À terme, l’EEDS s’appuiera sur deux infrastructures, auxquelles les États membres devront obligatoirement adhérer :
- l’infrastructure MaSanté@UE qui prévoit la mise en place d’une BDD européenne pour l’utilisation primaire des données dans le cadre du parcours de soins ;
- l’infrastructure DonnéesDeSanté@UE pour l’utilisation secondaire (ou réutilisation) de données multisources (dossiers médicaux, registres publics, études cliniques, biobanques…), notamment dans le but de concevoir des systèmes d’IA.
L’objectif du législateur européen est de concilier le développement de BDD étoffées et représentatives avec la protection des données et de la vie privée, puisqu’il s’agit de données qui seront exploitées par des universités, des décideurs politiques, des start-ups, des industriels… La notion d’« altruisme des données » est au cœur de ce projet : les détenteurs de données les partagent sans contrepartie au-delà des coûts de mise à disposition.
L’EEDS vise aussi à éviter de dépendre de données extra-européennes dans le développement de l’IA en santé, avec notamment des enjeux de prise en compte des caractéristiques populationnelles, épidémiologiques et de santé publique européennes.
Quelle procédure pour l’utilisation secondaire des données ?

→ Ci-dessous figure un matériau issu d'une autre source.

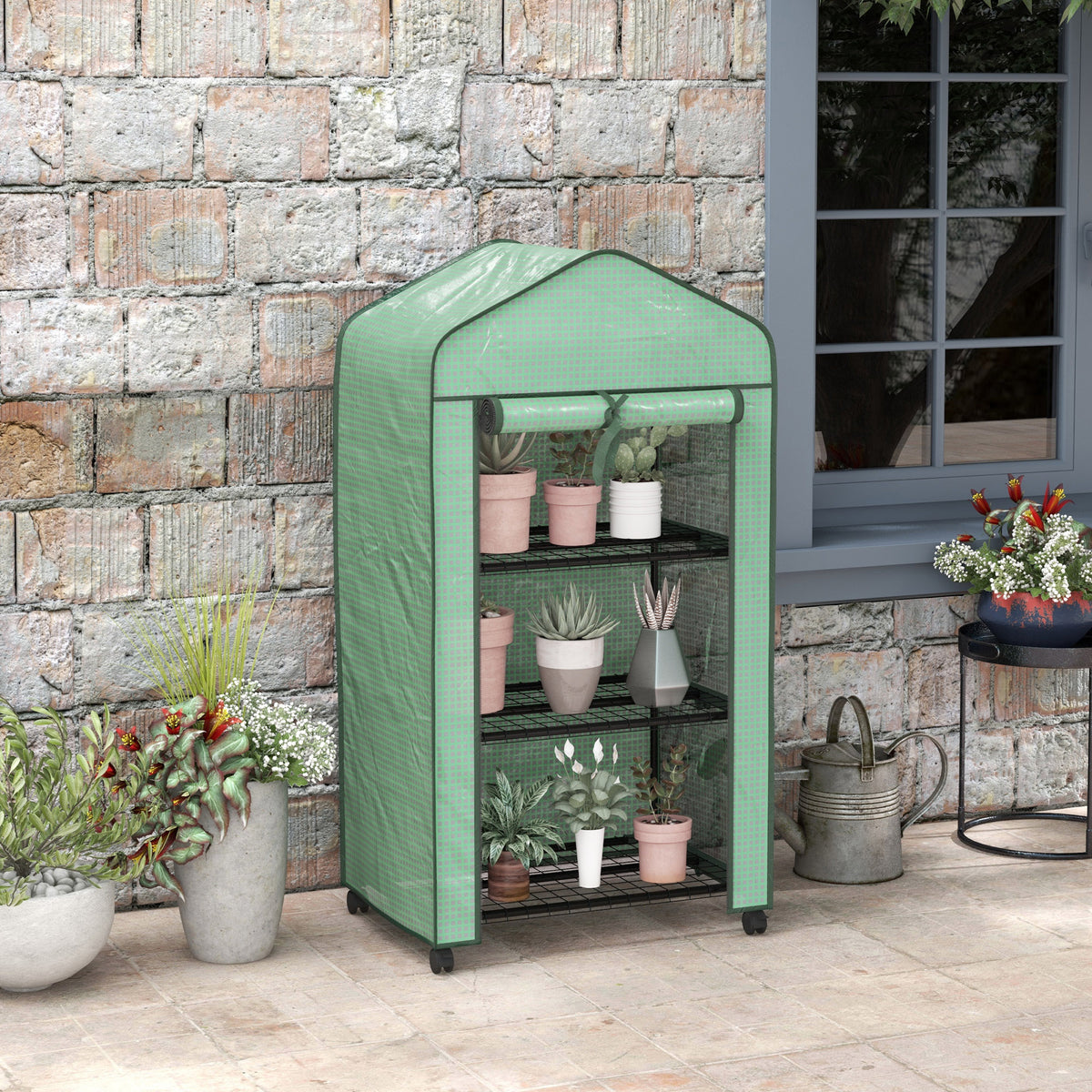 Mini serre de jardin avec 3 étagères, bâche PE haute densité, porte enroulable, 4 roulettes, dim. 69L x 49l x 130H cm-1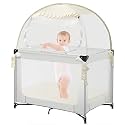 L RUNNZER Pop Up Pack N Play Tent, Baby Net to Keep Toddler in, Mini Crib Canopy for Pack and Play, See Through, Breathable &amp; Portable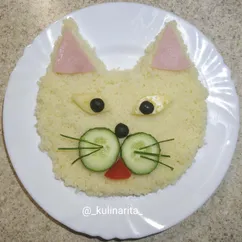 Мордочка кота из кускуса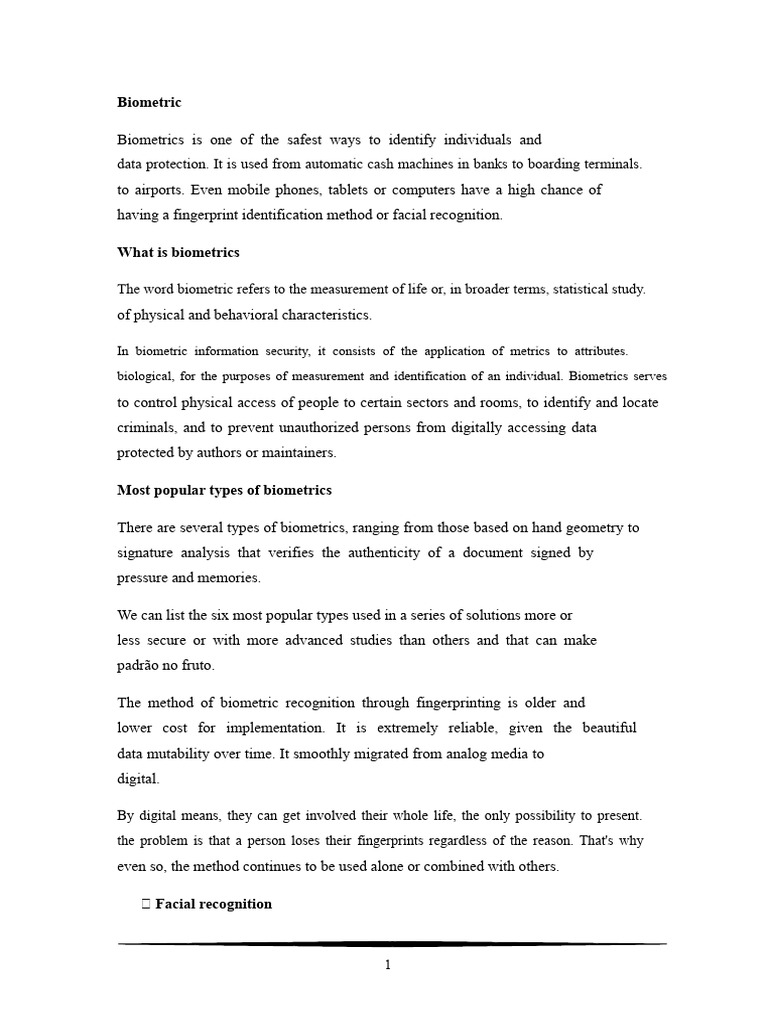 Understanding Biometric Identification Methods | PDF | Biometrics ...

Les données collectées dans un but d’utilisation primaire peuvent ensuite être récupérées pour d’autres finalités, comme la recherche. Elles deviennent alors des données « à usage secondaire » et leur traitement est réglementé. Dans le cadre de l’EEDS, les concepteurs de systèmes d’IA à risque (chercheurs, autorités réglementaires, entreprises qui veulent innover à des fins d’intérêt public) devront suivre une procédure précise :
- faire une demande d’autorisation à l’organisme responsable de l’accès aux données de la santé dans chaque État membre ;
- après étude de la demande, celui-ci ordonnera aux détenteurs de données de santé concernés (hôpitaux, universités, agences…) de transmettre ces données qui seront hébergées dans un environnement fermé et sécurisé pour être traitées ;
- si le demandeur peut expliquer ou justifier qu’un format anonymisé ne lui permet pas d’atteindre le but de recherche, d’innovation ou de réglementation poursuivi, les données seront pseudonymisées. Mais il sera strictement interdit au demandeur de renverser cette pseudonymisation.

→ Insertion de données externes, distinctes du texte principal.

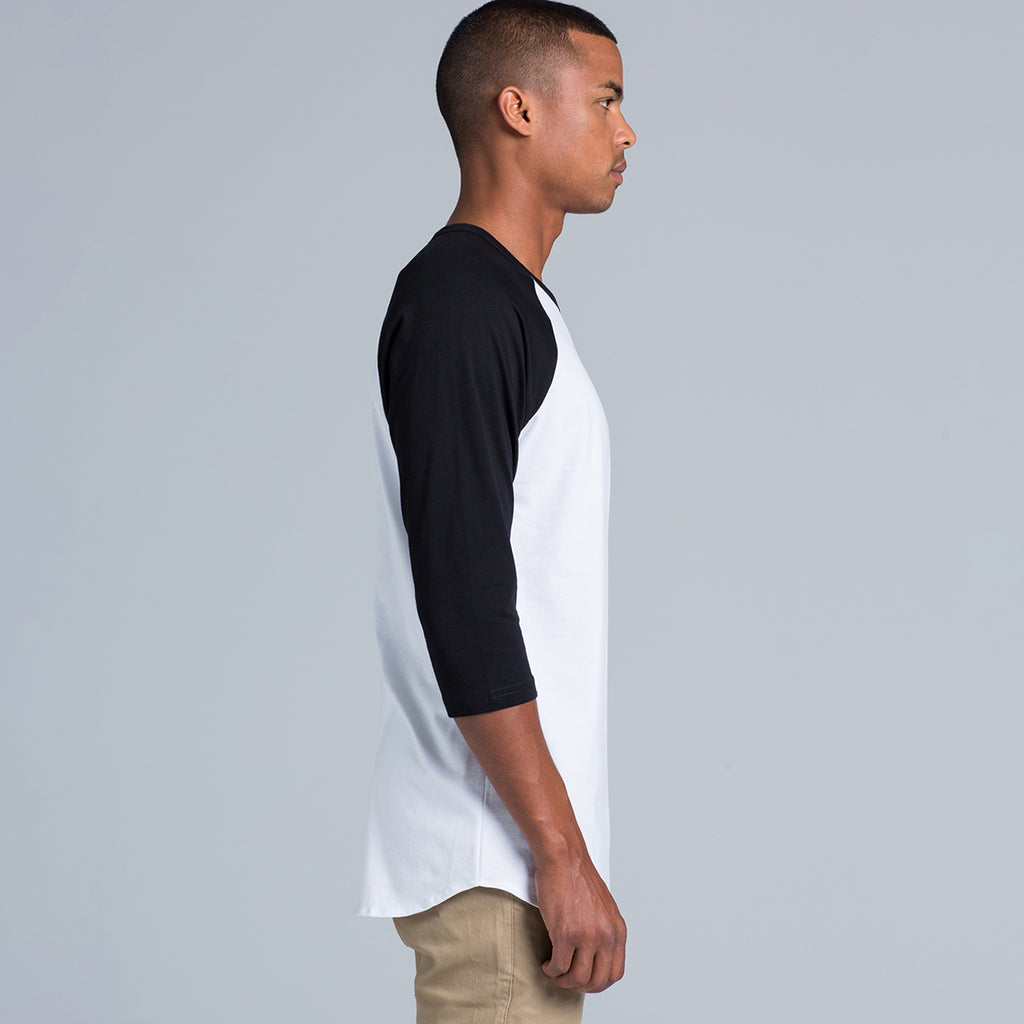 AS Colour Men's White/Navy Raglan Tee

Quel impact côté patients ?
Le règlement sur l’Espace européen des données de santé prévoit que les personnes pourront s’opposer au traitement de leurs données personnelles de santé électroniques à des fins secondaires, sauf dans certains cas, comme pour des raisons de recherche scientifique dans l’intérêt général, ou si les données ne peuvent être obtenues par d’autres moyens dans un délai satisfaisant.
Le règlement européen sur l’intelligence artificielle régira désormais les usages de systèmes d’IA en santé ; il distingue les systèmes d’IA selon qu’ils sont à risque faible ou à haut risque, et fixe des exigences en matière de sécurité, de respect de la transparence et des droits des personnes affectées par le système d’IA. Bien sûr, tout concepteur de système d’IA devra par ailleurs respecter le règlement général pour la protection des données (RGPD).